(Captioned web image data)
>>>

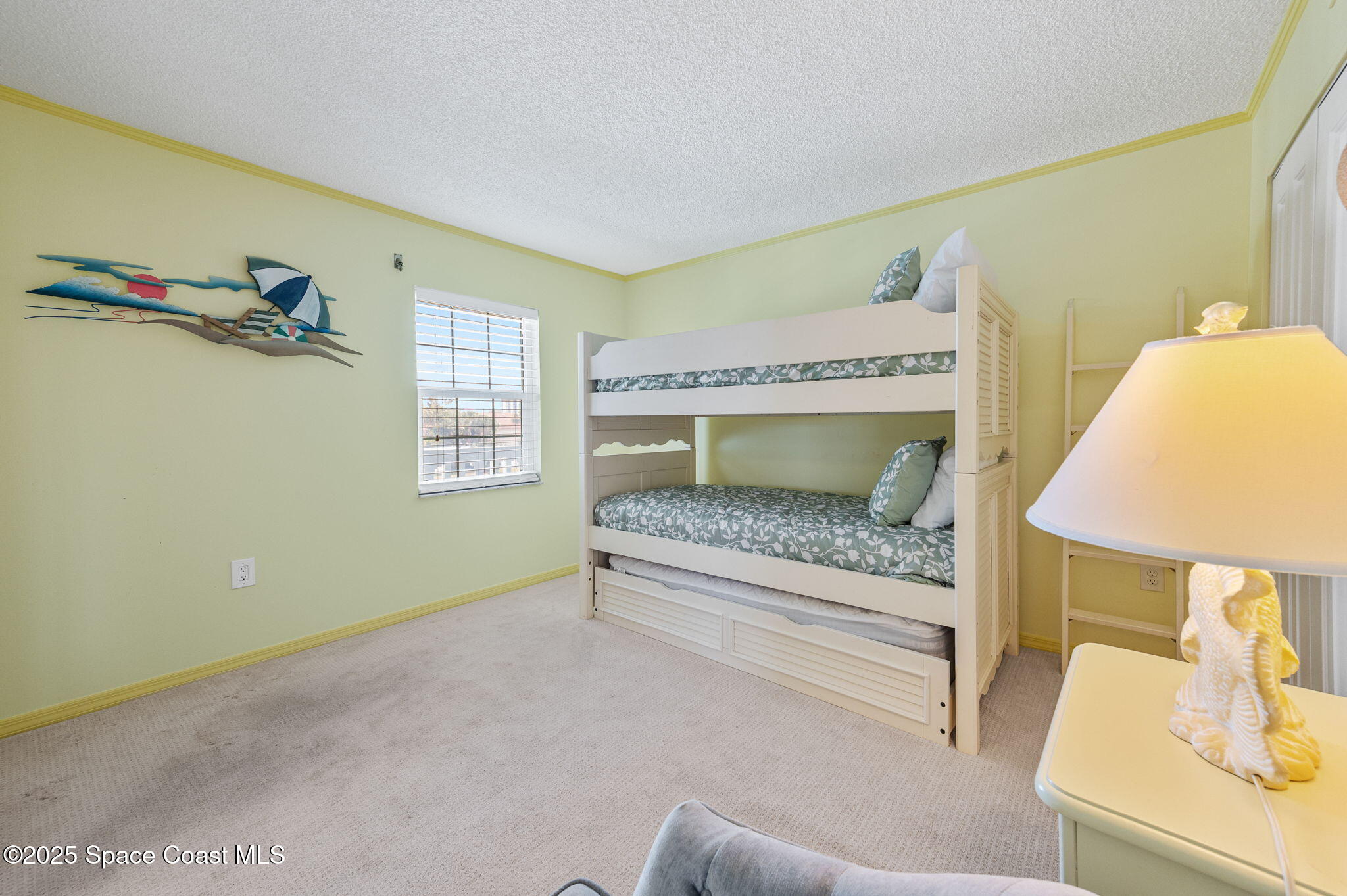 2001 South Banana River Boulevard, Unit 319 Cocoa Beach, FL 32931 - Photo 28 of 45 a bedroom with a bed and a couch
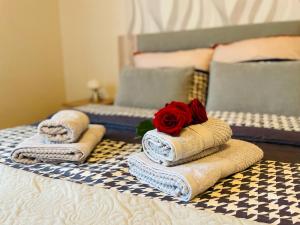 a group of towels on a bed with a rose on them at Piękny zielony zakątek na Kaszubach - agroturystyka z jacuzzi in Strzepcz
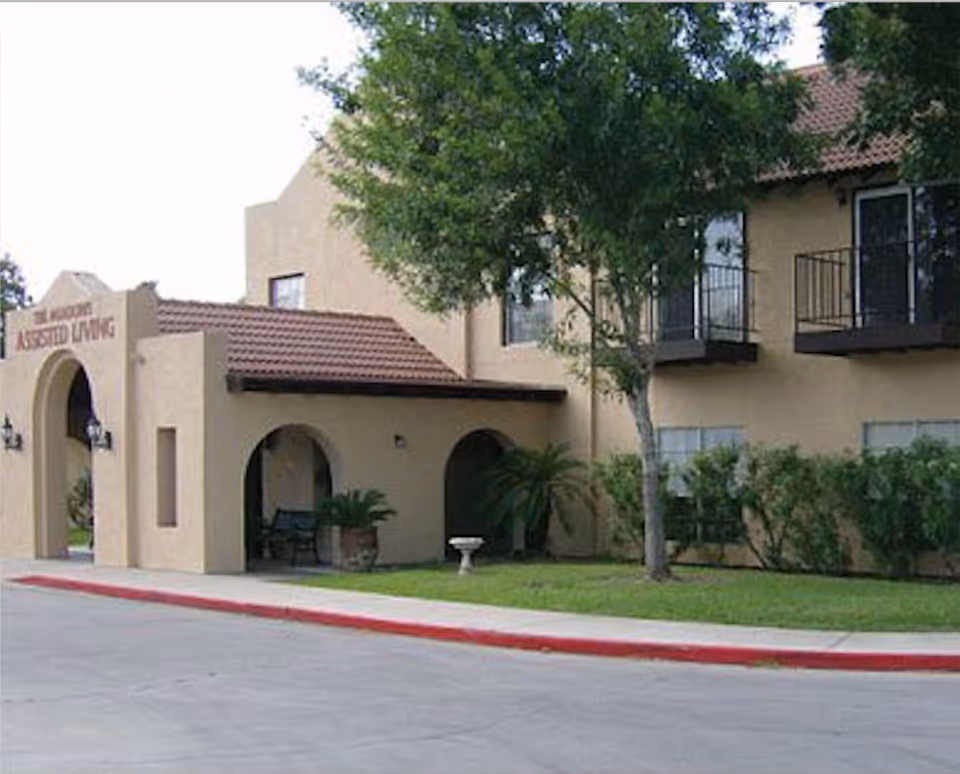 Exterior view of Spanish Meadows of Brownsville assisted living facility showing a beige building with a red-tiled roof, arched entryway, balconies, trees, and a small lawn area with shrubs and a birdbath.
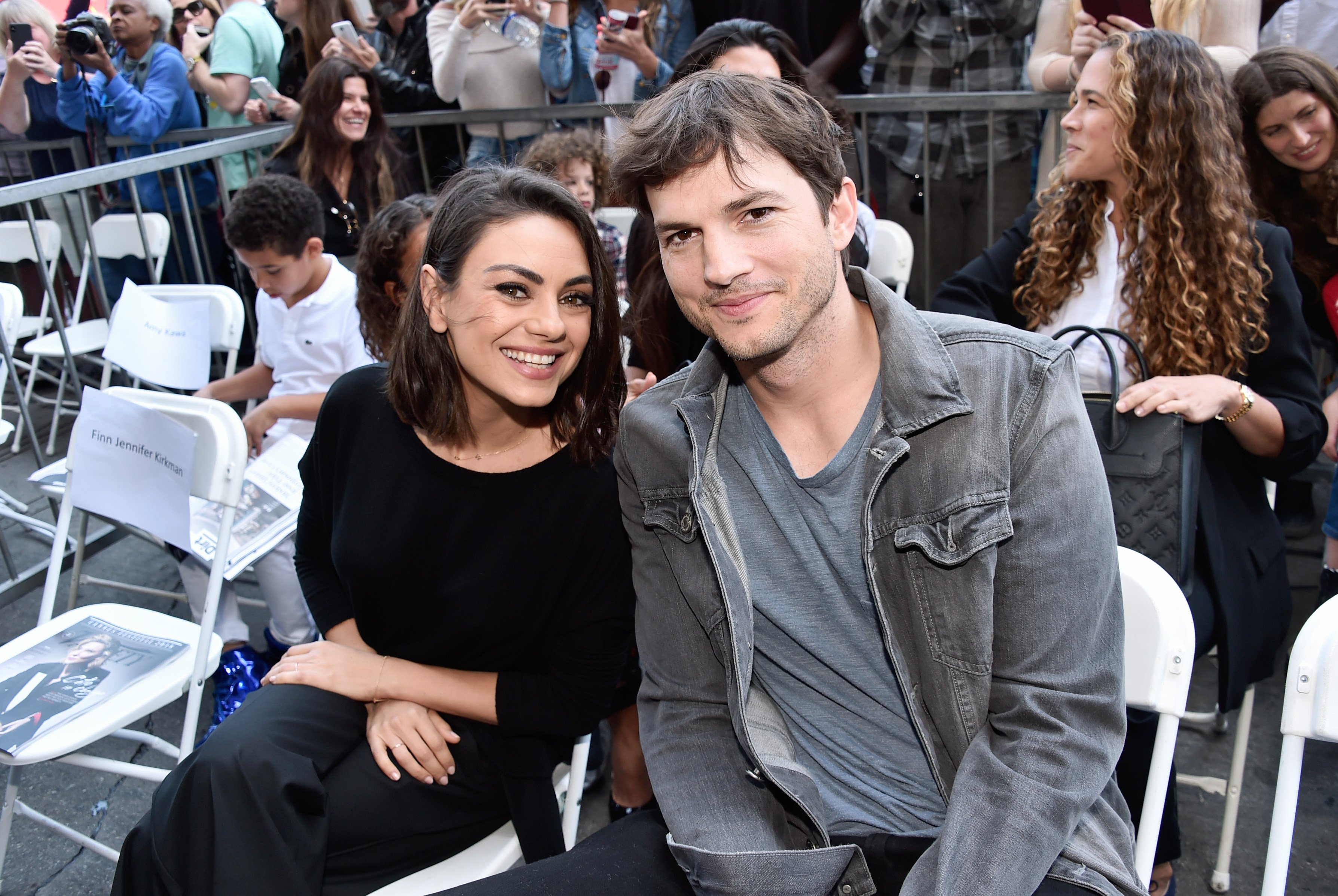 Image Credits: Getty Images / Alberto E. Rodriguez | Actors Mila Kunis (L) and Ashton Kutcher at the Zoe Saldana Walk Of Fame Star Ceremony on May 3, 2018 in Hollywood, California.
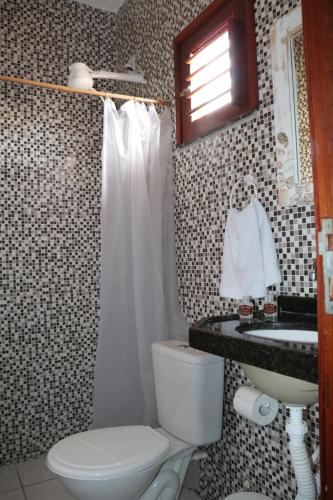 La salle de bains est pourvue de toilettes et d'un lavabo. dans l'établissement Villa Arte Pousada Morro Branco, à Beberibe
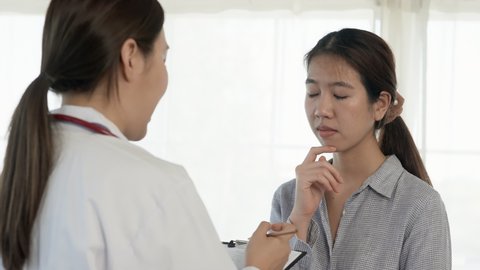 4K, Long-haired Asian woman patient discussing her illness with female doctor with stressed face, patient gesturing with chest pain, in hospital examination room. Concept Health and Medicine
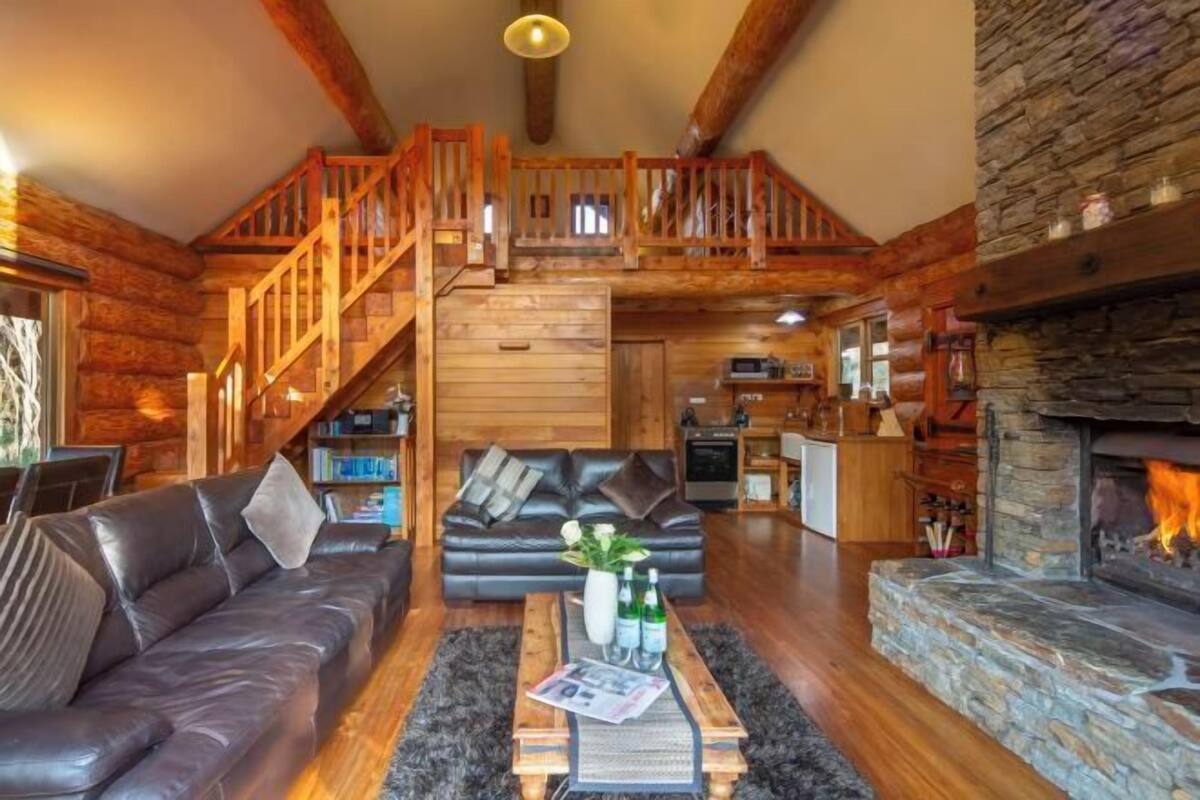 Ein rustikales Blockhaus-Interieur mit einer Holztreppe, Kamin, einer Couch und einem Essbereich.
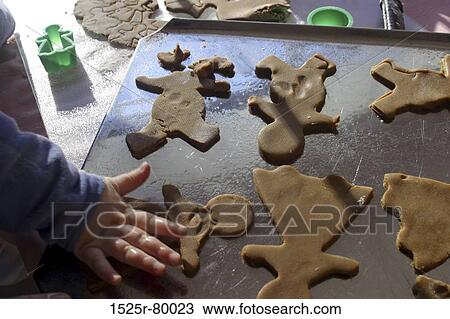 High angle view of a child's hand making cookies View Large Photo Image Stock Image - High angle view of a child's hand making cookies. Fotosearch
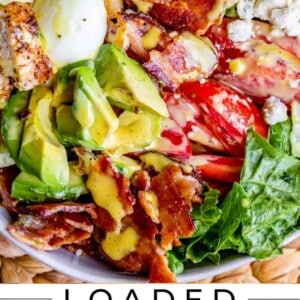 A bowl of Cobb salad with romaine lettuce, sliced avocado, hard-boiled eggs, bacon, chicken, tomatoes, feta cheese, and honey mustard dressing. Text: Loaded Cobb Salad with Honey Mustard—a classic cobb salad recipe favorite.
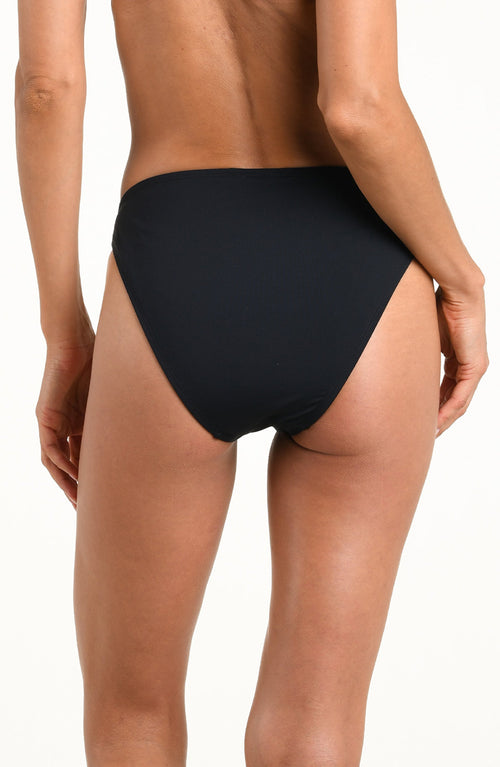 Woman wearing a solid black bikini bottom against a white background.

<<<

§ **Assignment**:
Transcribe every entry exactly, leaving out the pictures.

§ **Answer for this exercise**:
 2001 South Banana River Boulevard, Unit 319 Cocoa Beach, FL 32931 - Photo 28 of 45 a bedroom with a bed and a couch
 a group of towels on a bed with a rose on them at Piękny zielony zakątek na Kaszubach - agroturystyka z jacuzzi in Strzepcz
 Exterior view of Spanish Meadows of Brownsville assisted living facility showing a beige building with a red-tiled roof, arched entryway, balconies, trees, and a small lawn area with shrubs and a birdbath.
 Image Credits: Getty Images / Alberto E. Rodriguez | Actors Mila Kunis (L) and Ashton Kutcher at the Zoe Saldana Walk Of Fame Star Ceremony on May 3, 2018 in Hollywood, California.
 La salle de bains est pourvue de toilettes et d'un lavabo. dans l'établissement Villa Arte Pousada Morro Branco, à Beberibe
 4K, Long-haired Asian woman patient discussing her illness with female doctor with stressed face, patient gesturing with chest pain, in hospital examination room. Concept Health and Medicine
 Ein rustikales Blockhaus-Interieur mit einer Holztreppe, Kamin, einer Couch und einem Essbereich.
 High angle view of a child's hand making cookies View Large Photo Image Stock Image - High angle view of a child's hand making cookies. Fotosearch
 A bowl of Cobb salad with romaine lettuce, sliced avocado, hard-boiled eggs, bacon, chicken, tomatoes, feta cheese, and honey mustard dressing. Text: Loaded Cobb Salad with Honey Mustard—a classic cobb salad recipe favorite.
 Woman wearing a solid black bikini bottom against a white background.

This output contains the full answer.